### Material for this task
------------------------------------------------------------
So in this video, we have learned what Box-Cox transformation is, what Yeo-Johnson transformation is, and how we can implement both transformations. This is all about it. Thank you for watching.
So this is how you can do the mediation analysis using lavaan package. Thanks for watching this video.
------------------------------------------------------------
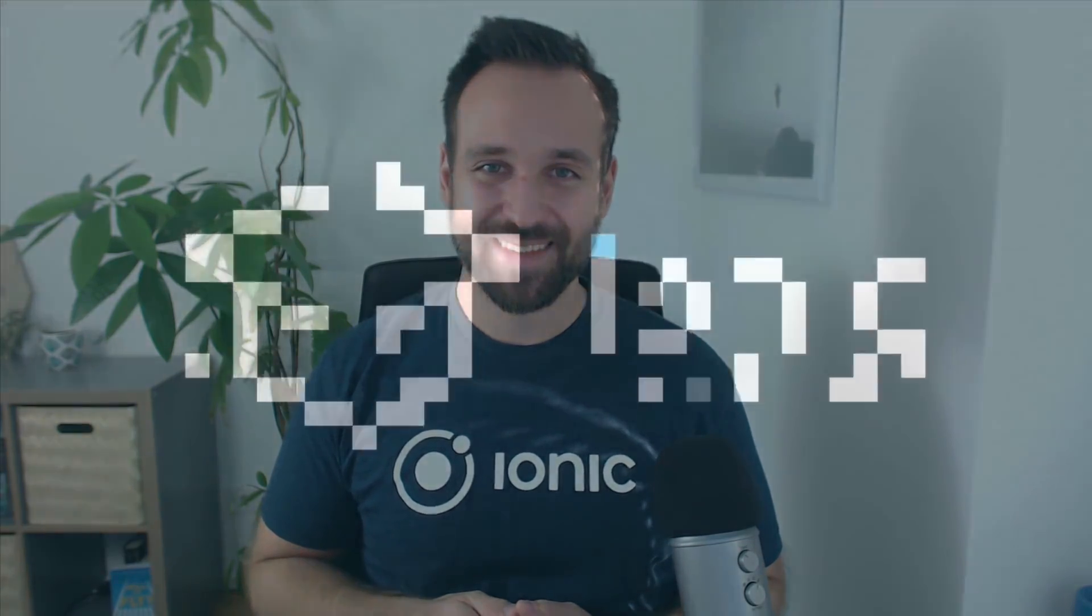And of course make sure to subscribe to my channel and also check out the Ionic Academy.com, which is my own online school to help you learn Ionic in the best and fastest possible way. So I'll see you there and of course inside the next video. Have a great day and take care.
------------------------------------------------------------
### Exercise goal
Your answer should consist only of the lines above between the line holding "So in this video, we" and the line holding "So this is how", inclusive, each transcribed exactly.

### Completed task
So in this video, we have learned what Box-Cox transformation is, what Yeo-Johnson transformation is, and how we can implement both transformations. This is all about it. Thank you for watching.
So this is how you can do the mediation analysis using lavaan package. Thanks for watching this video.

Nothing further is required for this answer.